Creer o no creer, doscientos años después

Llegar a los doscientos años para un país no es poca cosa. Muchos aún están en el camino, y otros tantos quedaron perdidos en él. Llegar a un bicentenario es una señal de permanencia, más allá de circunstancias políticas o institucionales. En eso el tiempo no falla. Espera, paciente y con naturalidad mecánica, el momento de cruzar las agujas en ese bendito número. Para un país como la Argentina, en el que pareciera que las leyes del tiempo desafían lo conocido y asumido, créanme que doscientos años es mucho tiempo.

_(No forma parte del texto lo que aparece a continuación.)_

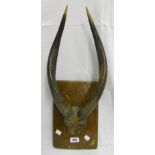 A set of African antelope horns, possibly bongo or bushbuck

Sin ánimo de querer arrojarnos una cierta excepcionalidad, la Argentina es un país atípico. Todos lo saben, pocos lo entienden. Conocedora por igual del oro y el barro, fatídicamente experta en el arte del péndulo, abrazó sus extremos una y otra vez a lo largo de la historia. En todos ellos encontró victorias y fracasos. De una tierra próspera y abierta a millones de personas que vinieron sin más que hambre y guerra en sus maletas, a un país emigrante en dos generaciones. De ser un faro cultural, intelectual y científico de América, a un país en ruinas y tecnológicamente dependiente. De un país con un porvenir de grandeza, a un porvenir de subsistencia.

Muchas veces me pregunté por lo que había pasado en el camino, y aún muchas más me lo han preguntado. Es difícil creer tal cosa, incluso más explicarlo. No sé si algún argentino habrá sentido lo mismo que yo en el exterior, eso de sentirse, a veces en épocas de guardias bajas, un embajador del fracaso. De no poder dar razones. De no entender porqué. De no poder articular una respuesta que explique nuestro destino. De haber sido un país enorme, con futuro, libre y democrático a uno dependiente, pobre y marginado. Del querer ser y no poder, o peor aún, de haber sido y ya no ser.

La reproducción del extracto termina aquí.